J’avais envie de faire dire quelque chose à Rosette sur l’altérité, sur l’immaturité de Camille et Perdican, sur leur incapacité à aimer l’autre, et à construire un monde.
 

En quoi a consisté le travail de réécriture pour Variations amoureuses ?

Dans On ne badine pas avec l’amour, je ne voulais retenir que les scènes entre Camille, Perdican et Rosette, pour resserrer la pièce sur le drame central. Mais en relisant le texte, il m’a semblé impossible de mettre en scène aujourd’hui le personnage de Rosette tel qu’il est écrit. Rosette n’est qu’une fille du peuple, un faire-valoir qui ne parle pas ou très peu. Musset était un aristocrate qui ne s’intéressait qu’aux personnages de Camille et Perdican, des jeunes gens bien nés, qui sont dans un rapport narcissique : ce n’est pas l’autre qu’ils aiment, c’est eux-mêmes. Comme George Sand et lui-même qui s’écrivent et passent leur temps à dire à l’autre de garder les lettres, en vue des livres à venir. A travers Camille et Perdican, Musset raconte son histoire avec George Sand. Malgré la beauté de ce qui est dit, la pièce me semblait trop éloignée de nous. Or j’écrivais en pleines élections présidentielles, avec la menace de l’accession de Marine Le Pen au pouvoir. J’avais envie de faire dire quelque chose à Rosette sur l’altérité, sur l’immaturité de Camille et Perdican, sur leur incapacité à aimer l’autre, et à construire un monde. Avec la jeune troupe permanente du CDN, j’ai pu travailler pendant huit mois à partir d’improvisations autour des relations amoureuses aujourd'hui, nourries par des micro-trottoirs et des questionnaires distribués à Montluçon. Nous y interrogions les gens sur leurs amours et leur sexualité. J’ai écrit au fur et à mesure à partir de tout cela.

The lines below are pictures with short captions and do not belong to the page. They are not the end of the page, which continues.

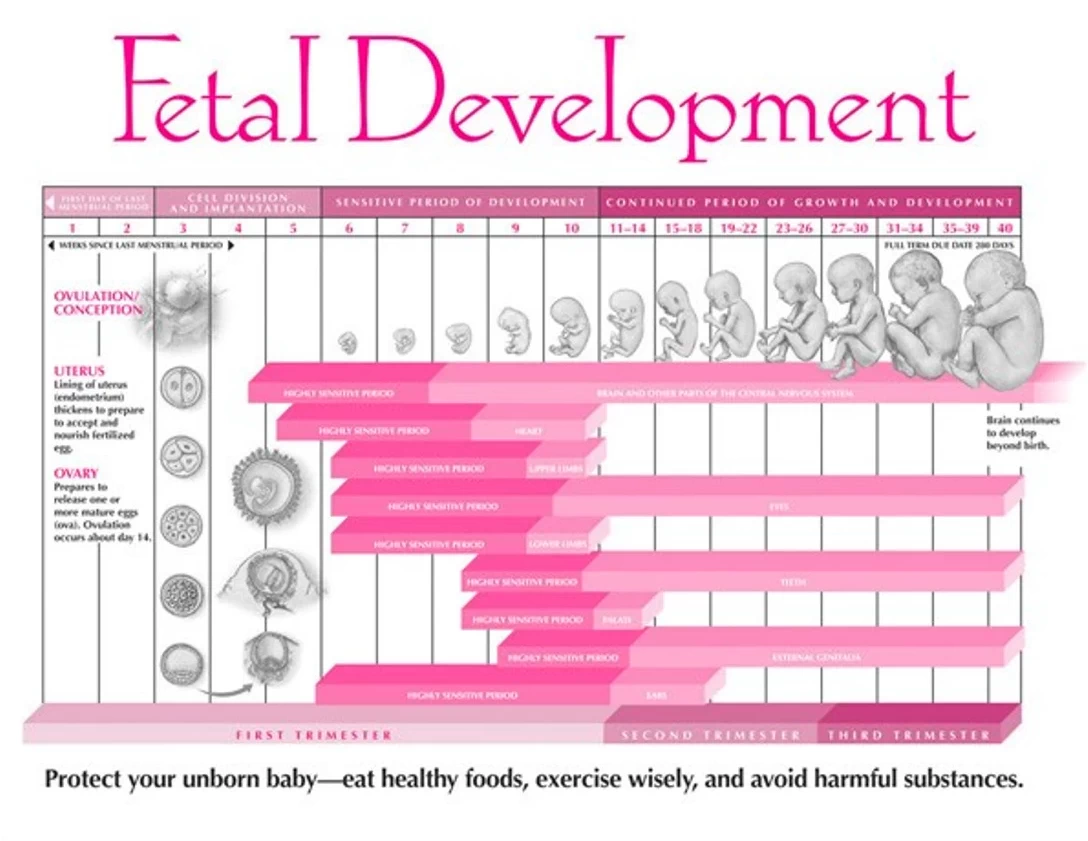 Fetal Development Models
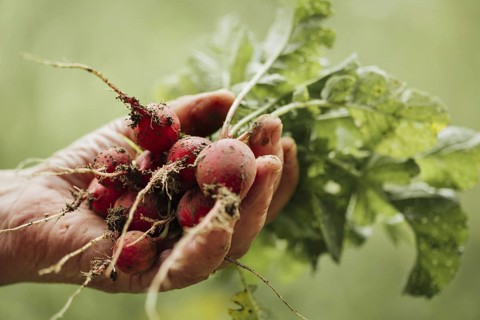 Close up hand holding fresh radishes. High resolution photo
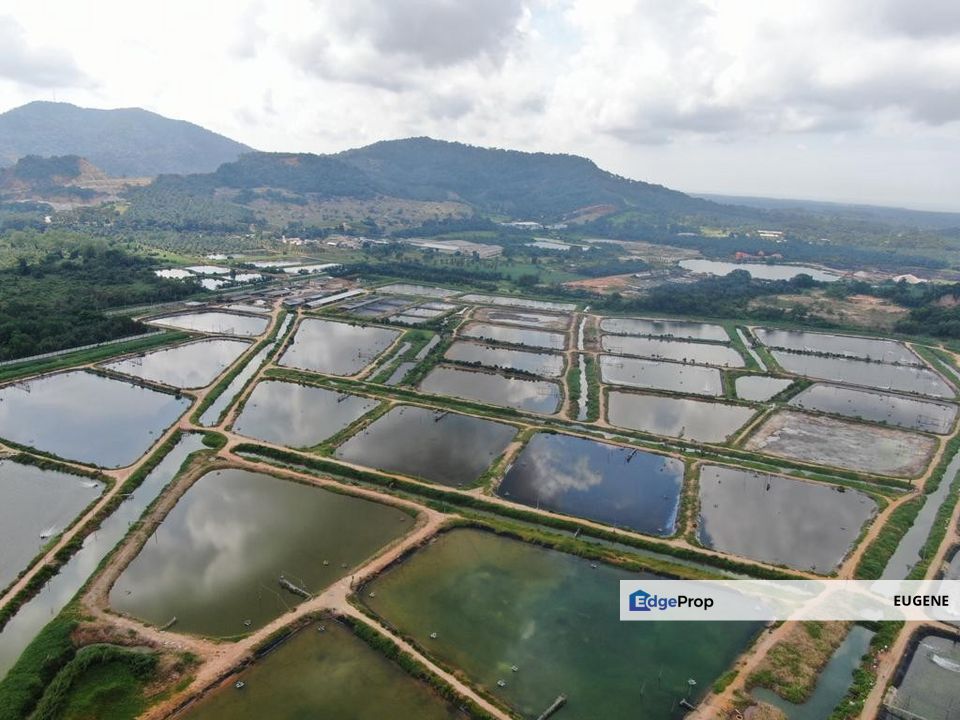 BATU PAHAT , MINYAK BEKU @ Johor, Johor, Batu Pahat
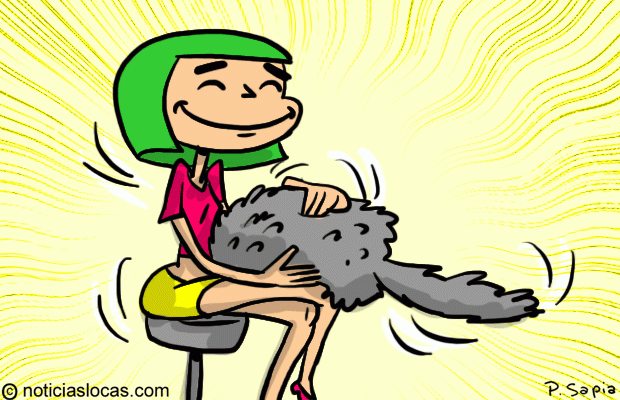 Ya podés reemplazar a tu mascota con una almohada peluda que mueve la cola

Comment avez-vous travaillé avec ces jeunes comédiens ?

Pour le personnage de la petite fille, on a beaucoup travaillé sur le corps avec Marie Rousselle-Olivier. Au moment où j’ai écrit, ma fille avait l’âge du personnage. Marie venait à la maison le soir et observait ses positions et sa façon de bouger sans cesse. On a cherché aussi un regard qui exprime l’étonnement et la curiosité. Nous avons fait beaucoup d’improvisations en recherchant une interaction entre les corps et la scénographie. Cette façon de travailler, avec du temps, se voit au résultat : on a cousu sur les acteurs, comme un tailleur qui fait du sur mesure.

Dans Variations Amoureuses, la scénographie était déterminante. Ce dispositif de poutres, ce labyrinthe qui peut faire penser au parc de jeux de leur enfance, crée une tension entre les personnages. Ils sont toujours en jeu, tout le temps en train de se regarder. Ils ne peuvent pas aller facilement vers l’autre, ils doivent vraiment le décider. Je voulais que les corps soient très tenus sur ces poutres et que par moments ils lâchent.

Je suis féministe dans mon engagement de société et je trouve important de revendiquer ce terme mais je ne fais pas du théâtre militant.
 

Ce diptyque est-il un projet féministe ?

Je ne me définis pas comme une autrice féministe. Je suis féministe dans mon engagement de société et je trouve important de revendiquer ce terme mais je ne fais pas du théâtre militant. Ce qui m’intéresse, c’est la complexité, l’ambiguïté. Le personnage de Perdican me passionne autant que ceux des jeunes filles. Peut-être est-il un peu plus mystérieux pour moi et me séduit-il même plus, en raison de son altérité. Même chose pour le loup : j’ai un regard de tendresse envers lui, il m’émeut beaucoup. Les hommes me bouleversent. Ils ont beaucoup plus de facilités dans la société mais on les met à une place tellement centrale, qu’ils passent leur vie à courir après la reconnaissance et à être déçus, et en souffrance. En réalité, le féminisme traverse ce que je fais en tant qu’humanisme.

Propos recueillis par Olivia Burton en mars 2019.